Collaborating with the Traditional Owners of western and central Arnhem Land, the 'Healthy Country, Healthy People' study assessed the health outcomes of Indigenous people compared to their involvement in natural and cultural resource management.
This exploratory study investigated the close connections between Indigenous people, their ancestral lands and the impacts that this may have on the health of landscapes as well as the physical health and well-being of populations.
Principal investigator for the project, CDU's Dr Stephen Garnett, said that sustained pressure to centralise populations and services has led to the depopulation of homelands and the creation of remote area townships.
"Indigenous people living in remote townships suffer from a burden of illness associated with inactivity, malnutrition, social dysfunction, and other social disadvantages.
"This has had a negative effect on the health of both the landscapes and the people," Dr Garnett said.
Key findings from this innovative study have shown for the first time that people taking part in customary and contemporary land and sea management practices, particularly those living in traditional homelands, are much healthier, including lower rates of diabetes and cardiovascular disease.
"In addition, participants in natural and cultural resource management practices report a more nutritious diet and a greater degree of physical activity," he added.
The authors of the study conclude that the expansion of natural and cultural resource management activities in remote Indigenous communities would deliver a healthier environment, sustainable economic development opportunities and also has the potential to deliver significant economic savings in health care expenditure.
"This is a positive study in Indigenous health that is a response to Indigenous requests to investigate 'what works'," Dr Garnett said.

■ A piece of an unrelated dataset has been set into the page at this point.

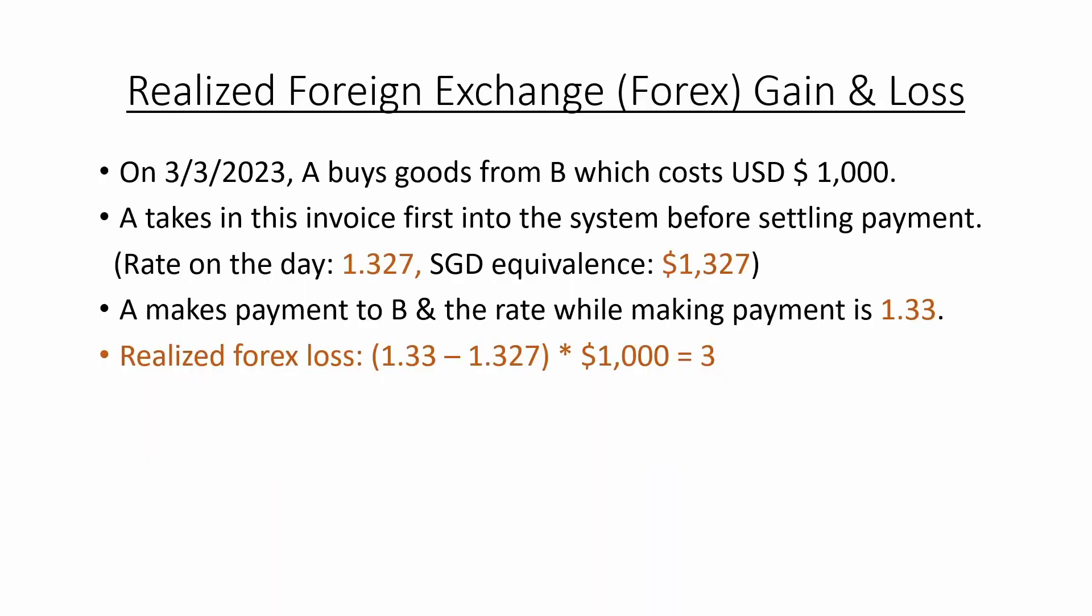Let's get back into our example. Company A buys some goods from Company B in March 2023 and it costs USD $1,000. Company A has to take in this invoice into their system first. Bear in mind, Company A trades in Singapore dollar. So they have to convert this invoice into SGD equivalents. They decide to use the foreign currency rate on the day, which is 1.327.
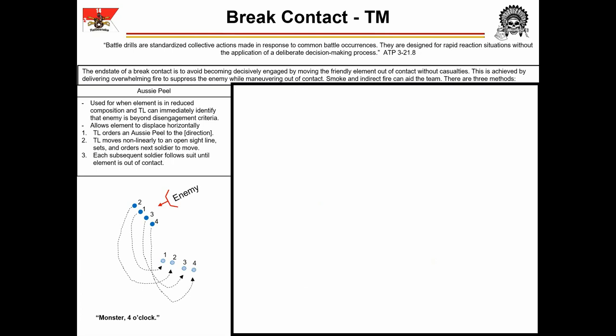The Australian peel, or Aussie peel, is used when the element is in reduced composition and the team leader can immediately identify the enemy is beyond disengagement criteria. While it can be used in a full eight-man configuration, it will be a much slower break contact than using Battle Drill 3. However, for smaller elements — six man or smaller — it allows maximum firepower against the enemy without hindering the speed of the break contact. The Aussie peel begins at the team leader's command and in the direction he orders, using the pro word 'monster' and directing break contact to the 4 o'clock. The team leader moves first, non-linearly — not in a straight line but in a sort of abbreviated cloverleaf — to an open sight line. He sets in place, continues to fire, and directs the next soldier to move. Each subsequent soldier follows suit, moving non-linearly to an open sight line until the element is out of contact.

"We think these results justify investment by government in natural and cultural resource management, along with further work to ensure our initial research findings are confirmed."
The findings of the study will be discussed at a seminar to be held on Tuesday 8th May, 3pm at the Menzies School of Health Research in Darwin. Go to www.menzies.edu.au for more information.

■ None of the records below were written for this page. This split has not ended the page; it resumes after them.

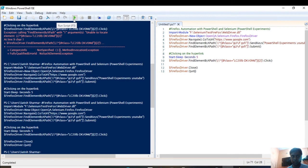You can see that the browser has closed automatically. This was the whole process on how to automate Firefox using Selenium and PowerShell — and you can see how easy it is. If you find it useful, please give a thumbs up, share, and subscribe to my channel. If you have any questions, mention them in the comment box and I will get back to you. Take care, bye!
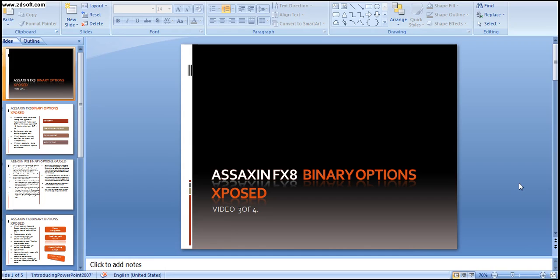Hi there and welcome to Assassin FX8 Binary Options Exposed. This is video 3 of 4. Today we will be going into defining the rules. But before we define the rules, let's go back one more time and have a quick look at the concept.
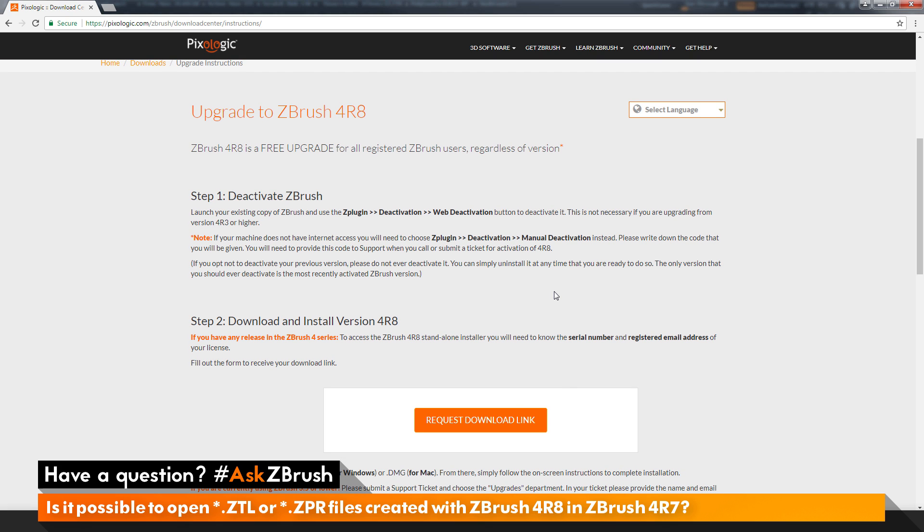I will also include a link to another AskZBrush video in the description below, and that will go through the entire process of upgrading to ZBrush 4R8 from ZBrush 4R7.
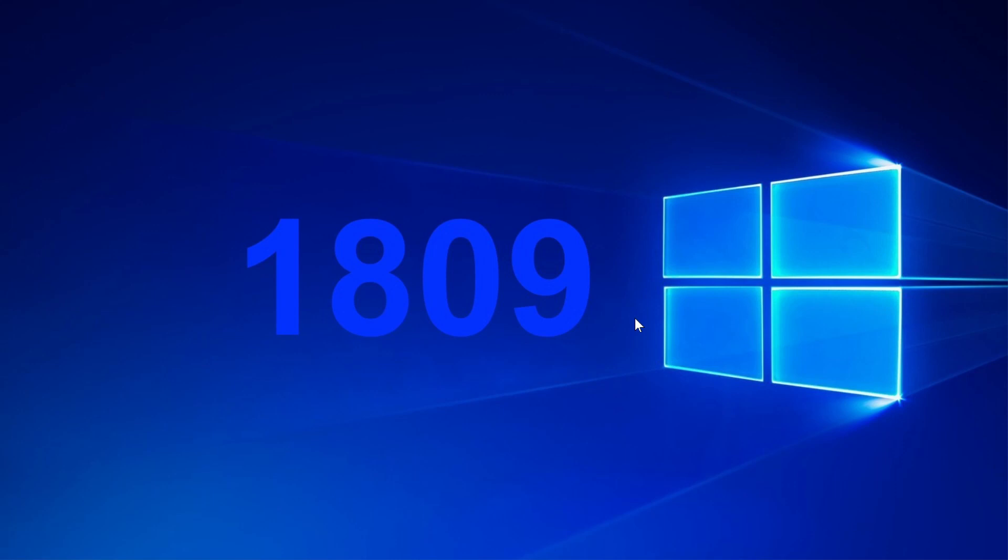For those of you on 1903—that's the May 2019 update—remember that you're getting end of support next month. You will be getting your last Patch Tuesday in December.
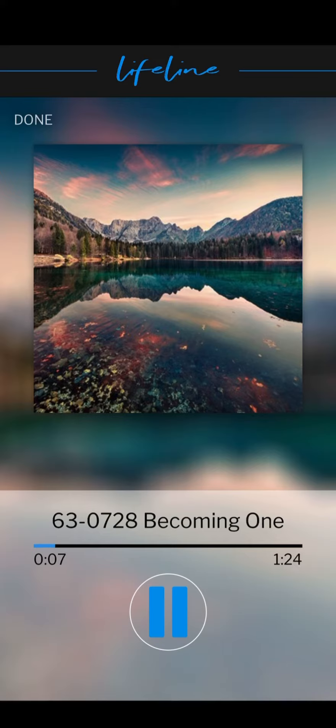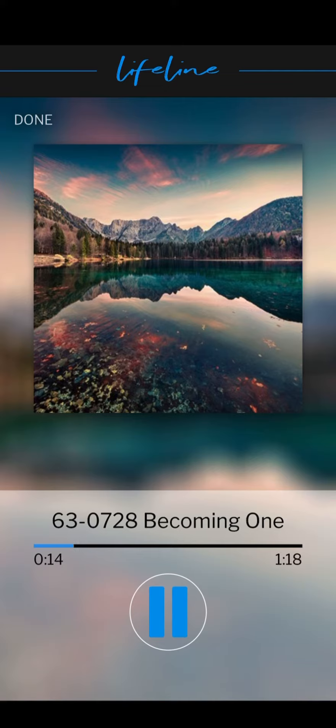Now we see the promise being fulfilled: Christ, the true headship, coming in his bride,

The Healthy People Healthy Country project is a project funded by Land and Water Australia, The Northern Territory Government, National Health and Medical Research Council, Australian Institute of Aboriginal and Torres Strait islander Studies and Pfizer. The project was undertaken by researchers from the Institute of Advanced Studies at Charles Darwin University in collaboration with a number of partners including the traditional owners of west Arnhem Land, the Bawinanga Aboriginal Corporation, the Northern Land Council and the Northern Territory Government.